Shoes represent the body
By Rabbi Yerachmiel D. Fried

Dear Rabbi Fried,
I recently sat shiva for my father, may he rest in peace, and was reading the laws of mourning. One thing that struck me was the instruction to refrain from wearing leather shoes. It offered no explanation, so I did it just because it says so, but it’s been bothering me ever since.
What do leather shoes have to do with mourning? Why are other leather garments such as belts and jackets permitted?
— Bruce K.
Dear Bruce,
I’m so sorry about your loss. The injunction prohibiting leather shoes can be understood on multiple levels:
Every morning, we recite a blessing through which we thank God for providing us with shoes. The text of the blessing seems strange: “Blessed are You, God, Who has provided me with all my needs.” Why would we thank God for shoes using the terminology of “all my needs?”
The following blessing thanks God for “ordaining the steps of man.” Shoes represent the ability to move forth in the world, to walk along the steps that God has ordained for us to move ahead in our lives and be productive.
The previous blessings thanked God for waking us up, giving us the strength to sit up and get out of bed as free individuals who are able to make choices with our lives. We are created in the image of God, giving us the ability to not only carve out our lives, but to make a difference in the world and help perfect it.
That is why shoes are considered “all my needs,” because they reflect our ability to walk ahead with full force, unimpeded by the rocks and sharp items on the way. We can step right on those objects and keep moving ahead.

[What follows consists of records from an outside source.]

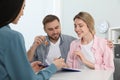 Happy young couple signing purchase contract in estate agent`s office. Man with new house key Royalty Free Stock Photo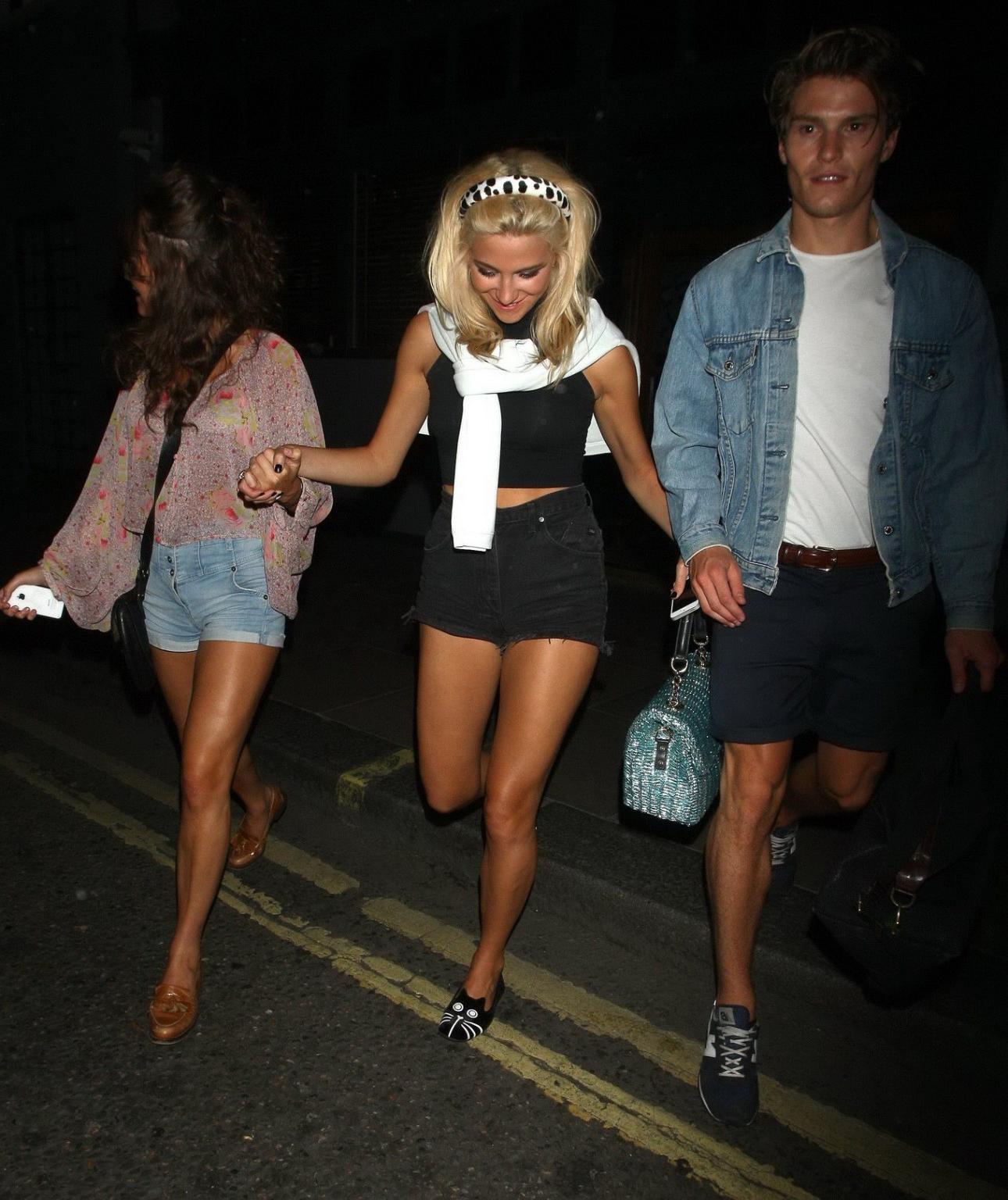16P Pixie Lott wearing tight black belly top and shorts night out in London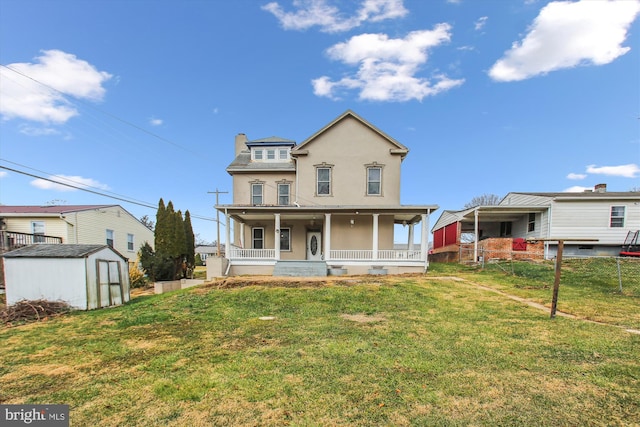 back of house with a storage unit, a porch, and a yard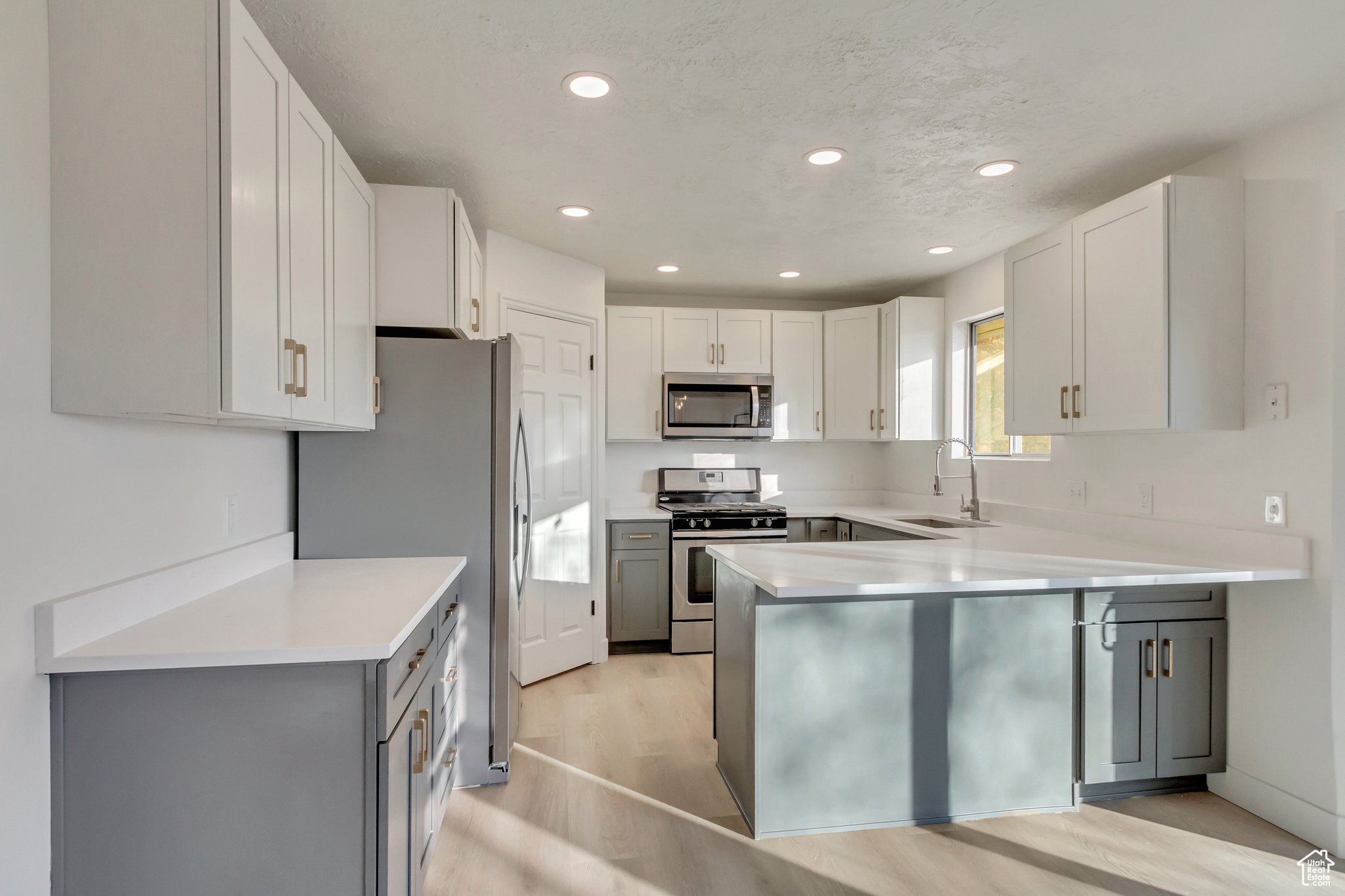 Kitchen with white cabinets, stainless steel appliances, sink, kitchen peninsula, and light hardwood / wood-style flooring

Shoes, in rabbinic literature, are always leather. Shoes of leather represent man’s dominion over the universe, as these shoes were created with the skin of the animal. Mankind was endowed with a God-given license to control and utilize animals for our needs after the flood, when Noah saved the animal kingdom in the ark.

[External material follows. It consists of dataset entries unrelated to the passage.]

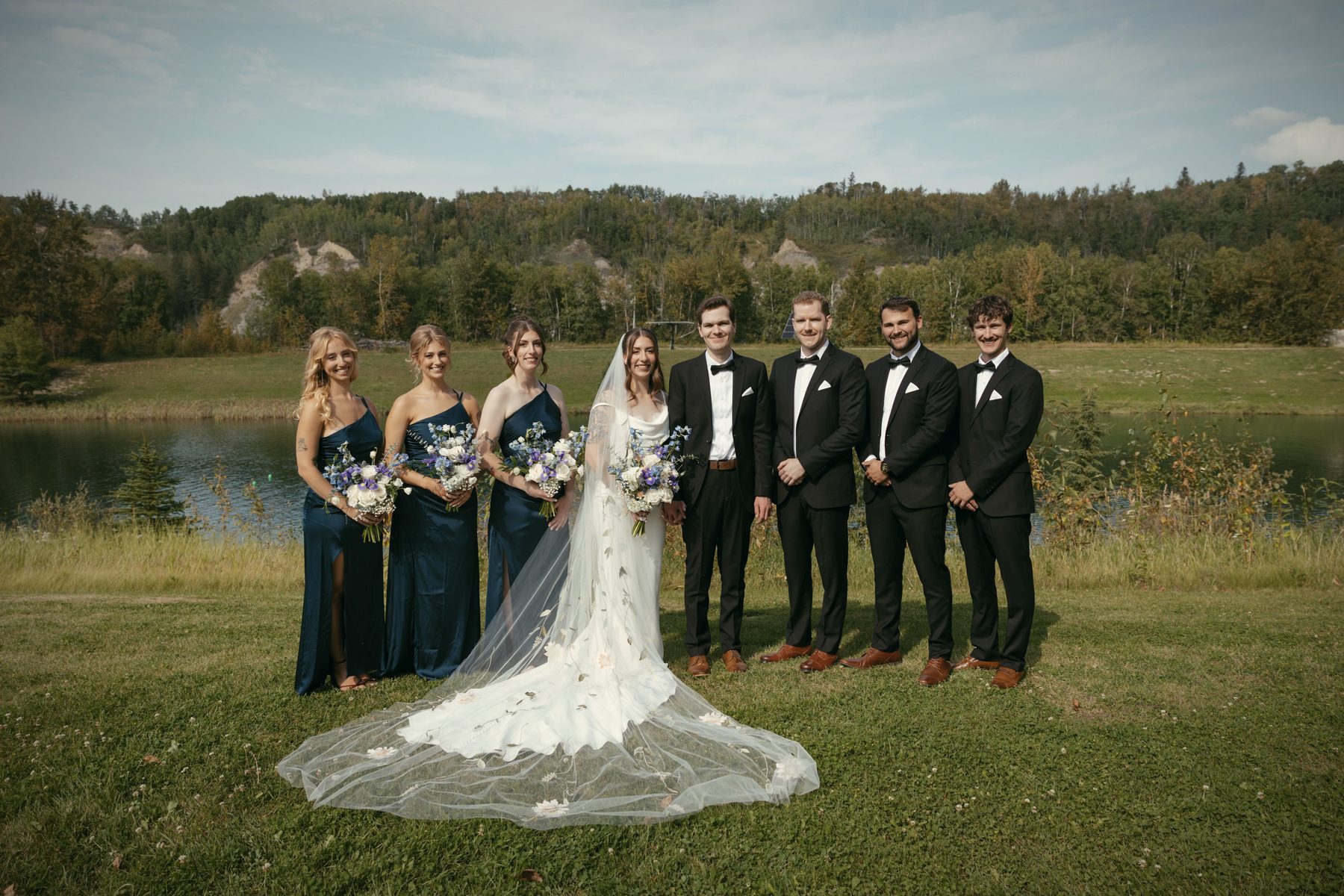 A bride in a long veil with the groom and the wedding party standing on the lawn, the lake behind them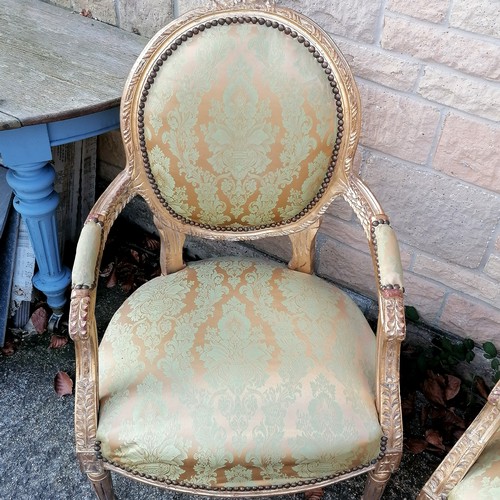 483 - Pair of French upholstered gilt wood armchairs With open arms. D55cm x W60cm x H93cm. In overall goo... 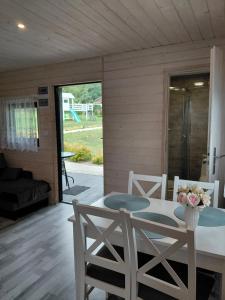 a dining room with a table and two chairs at Wichrowa Skarpa in Rusinowo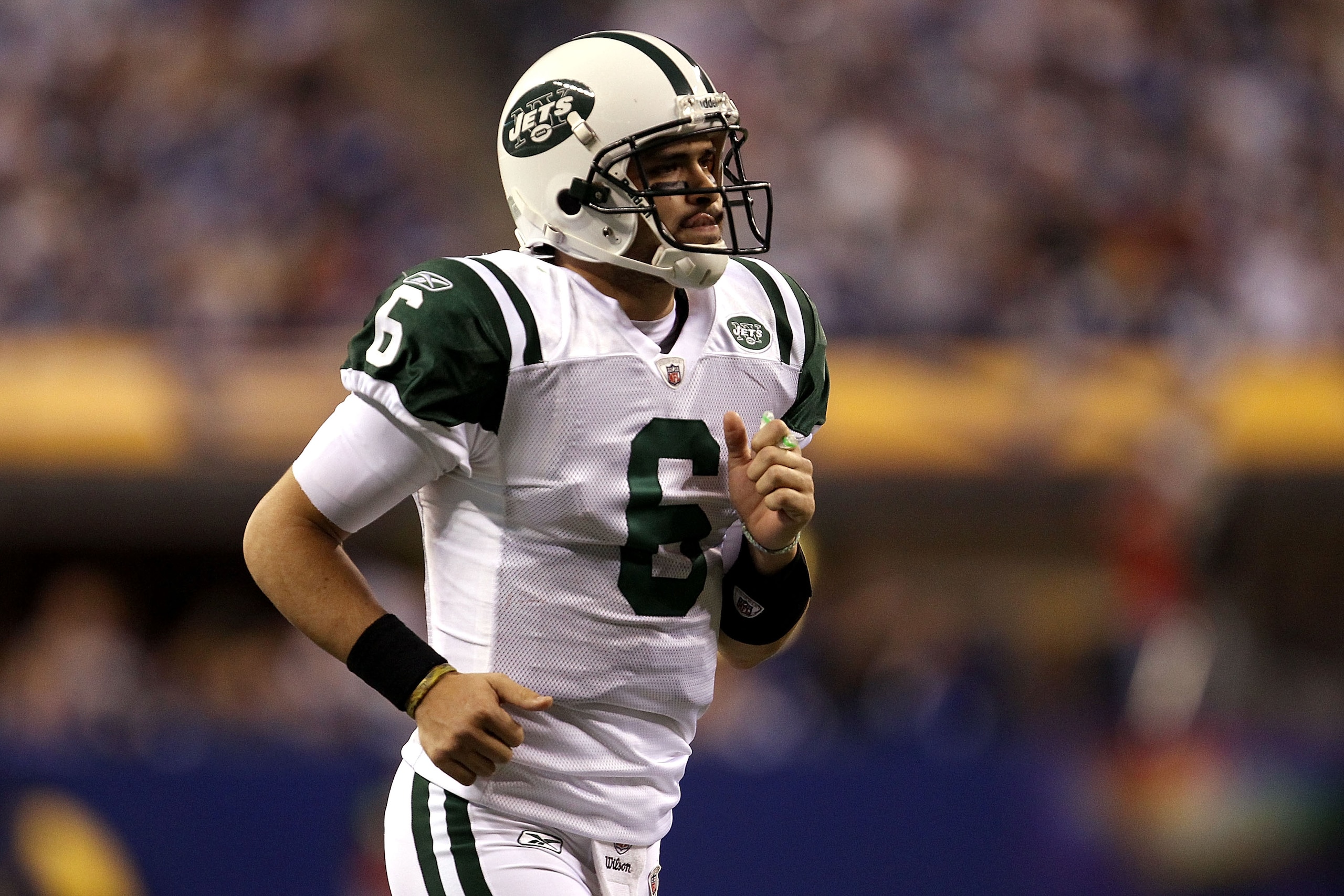 INDIANAPOLIS, IN - JANUARY 08:  Mark Sanchez #6 of the New York Jets runs on the field against the Indianapolis Colts during their 2011 AFC wild card playoff game at Lucas Oil Stadium on January 8, 2011 in Indianapolis, Indiana.  (Photo by Jonathan Daniel
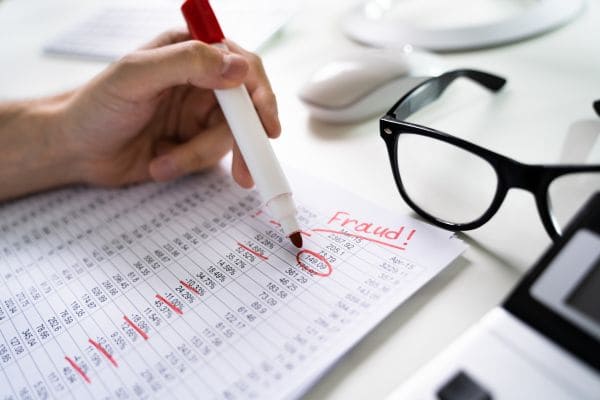 Hand marking a financial statement as fraudulent with a red pen.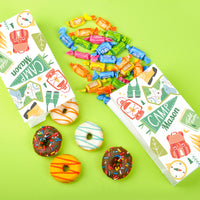Camping birthday party snack table with custom bags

This brought man’s creation in the “image of God” to a new level, exercising control over all living things. Taking steps ahead — in shoes created by the dominion of man over the world and the animal kingdom — represents the ultimate manifestation of the power of man.

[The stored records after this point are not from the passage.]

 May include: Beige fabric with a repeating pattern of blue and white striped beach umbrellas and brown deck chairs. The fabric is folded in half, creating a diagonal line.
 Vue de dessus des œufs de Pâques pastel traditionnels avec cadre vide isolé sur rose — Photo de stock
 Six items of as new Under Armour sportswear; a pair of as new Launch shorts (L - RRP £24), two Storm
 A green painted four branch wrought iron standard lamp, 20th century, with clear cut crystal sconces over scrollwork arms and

In Torah life, there are times to express power and times to emphasize humility. Times of mourning, when we have lost a loved one, is one of the times we shed our power and bow our heads to the ultimate justice of the Almighty. A mourner, as I’m sure you read, recites the blessing “Blessed are You, God, … the True Judge.” This is a time of subjugation of what to us seems true and just to the true justice of the judge who sees things from a very different vantage point.
We express the shedding of our own power to that of God by removing our leather shoes. For this reason, we collectively remove our shoes as a nation on Tisha B’av, the day of national mourning over the destruction of the Temples in Jerusalem and all subsequent calamities in our history. In this way we express, as an entire nation, our acceptance of the will of God and His ultimate dominion and judgment.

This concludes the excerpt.